Now, what have we not mentioned? The title of this post is, "From mathematics to theology." If mathematics is the most precise science because its objects are under the most exact control, theology must necessarily be the least precise, because its object is the least controllable. If it is pretentious to think we can control human beings, how much more outrageous to think we can control God! And yet control is the path to scientific knowledge as we know it. There must be very little, then, that we can scientifically know about God.

Indeed, I view mathematics and theology as more than mere ends of the spectrum; they are absolute polar opposites. No science could ever exist outside these poles. On one end, mathematics studies objects in the absolute most controlled setting possible: the setting of pure invention and pure abstraction. All mathematical objects are products of the human mind, and by design they can never change from what we declare them to be. On the other end, theology studies the one object we can never have any control of whatsoever. Surely other human beings can be controlled to some extent. Surely there are patterns to human behavior which can be isolated by clever experimentation. Such can never be the case with God. As Barth said, theology is a free science, because it studies an absolutely free object.
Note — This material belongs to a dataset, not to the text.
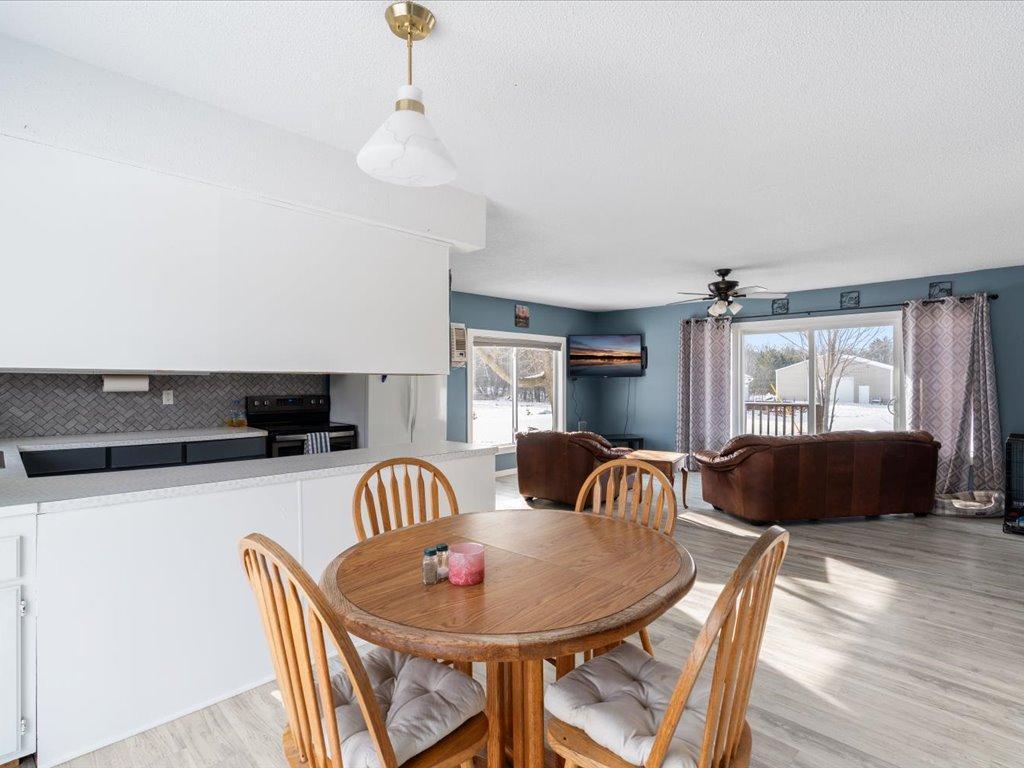 4445 20th Street Fort Ripley, MN 56449 - Photo 7 of 36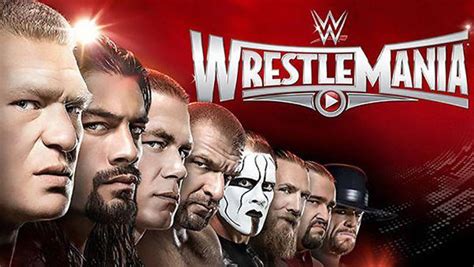 SmackDown2013年4月19日-WWE最新赛事_wwe之家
However, mathematics and theology have both been studied under many illusions. On the one hand, the Platonists believe that mathematical objects are somehow empirically real, despite or even because of the fact that they are pure abstractions. On the other hand, many theologians (perhaps under the influence of Platonism, or who knows what kind of philosophy) are tempted to think that God can be understood abstractly and precisely. Thus we worship the abstract principles of our own making. Thus we commit the most highly sophisticated of all idolatry: the worship of our own disembodied creation.

To do mathematics under the Platonist illusion of realism is, perhaps, inconsequential and thus forgivable. To do theology under this illusion is, however, to wrap one end of the spectrum around to the other, thus closing the spectrum and making a circle, a circle of absolute human power over all the cosmos. All things are subject to our complete understanding, hence our complete control. Thus the human mind squeezes all the freedom--all the life--out of absolutely everything, until even God himself is dead, and we die with him.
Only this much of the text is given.